Comment le nom de l’artiste est-il devenu un élément clef de la valeur symbolique et commerciale des œuvres ? La question est au cœur de cette enquête novatrice sur la signature en peinture. C’est à Paris, entre les années 1730 et 1820, que se déploie cette enquête richement illustrée, lorsque s’instaurent les institutions modernes des mondes de l’art : salons et expositions publiques, ventes aux enchères, musées. Les peintres français (Jean-Siméon Chardin en tête) se mettent à apposer leur nom sur les tableaux alors même que le nom de l’artiste devient un élément clef qui organise les écrits sur l’art : critiques, catalogues, cartouches et cartels, au point qu’un contemporain constate alors, avec dépit, que les amateurs se mettent à acheter « des noms, et non plus des œuvres ».
Mais pourquoi placer ainsi son nom sur un panneau de bois ou sur une toile ? La tradition est ancienne, et remonte à l’Antiquité. Pourtant, les peintres de l’âge des Lumières surent investir le nom de significations nouvelles. À Paris, le marché pour leurs peintures s’était élargi, avec la multiplication des ventes aux enchères, et ils ne pouvaient plus se contenter des cercles étroits de la commande princière ou celle des riches élites. Il fallait susciter le désir de consommation au moment où un premier capitalisme commercial fondé sur le luxe et sur la mode connaissait un essor sans précédent avant de s’imposer aux sociétés européennes au siècle suivant. La signature fut ce lieu, dans le tableau, où la valeur pouvait se concentrer et perdurer, où le culte de l’artiste pouvait matériellement se déposer.
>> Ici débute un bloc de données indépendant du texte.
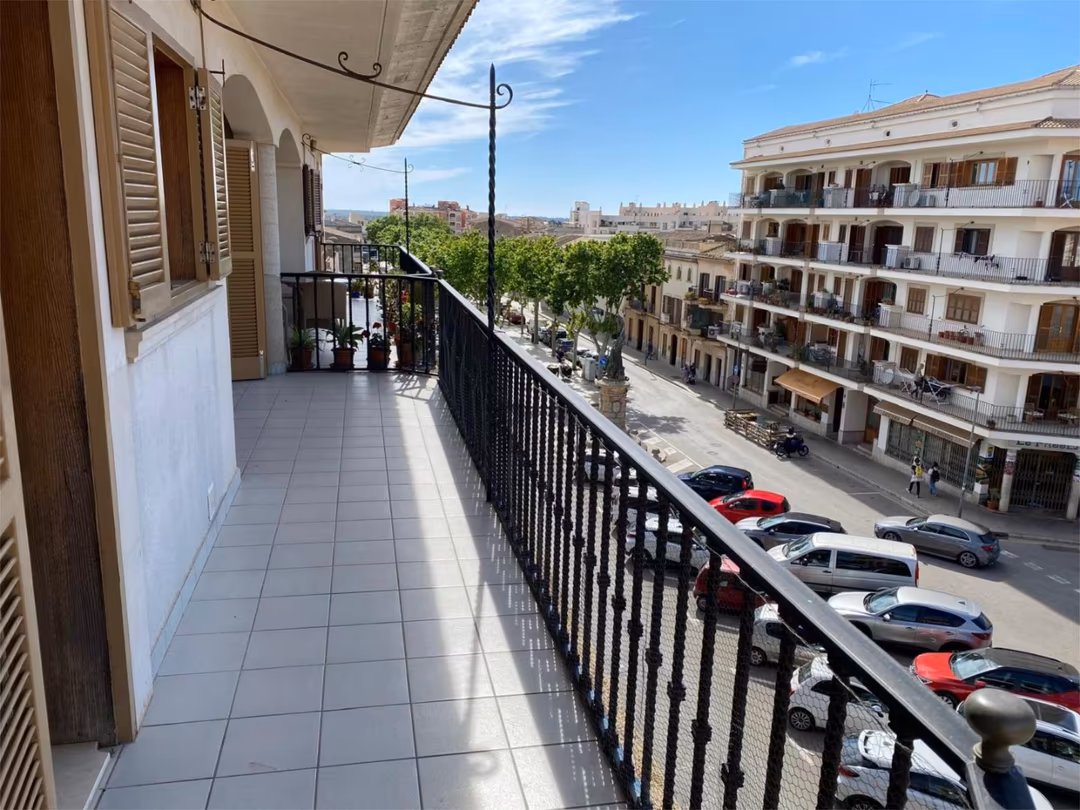Piso en  Passeig de Jaume III 1 - Foto 8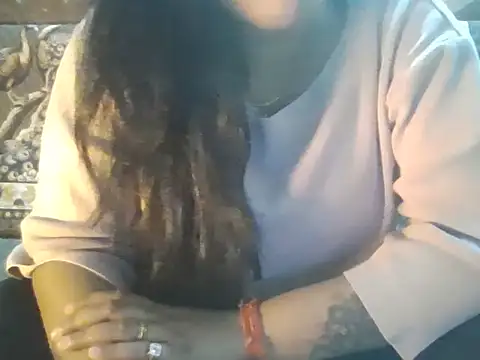 SEXY MEHAK097 online show from February 14, 8:09 pm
Charlotte Guichard est historienne de l’art, directrice de recherche au CNRS et professeure attachée à l’École normale supérieure. Spécialiste des cultures visuelles et de l’art des Lumières, elle a publié Les Amateurs d’art à Paris au XVIIIe siècle (Champ Vallon, 2008) et Graffitis. Inscrire son nom à Rome. XVIe-XIXe siècle (Seuil, 2014).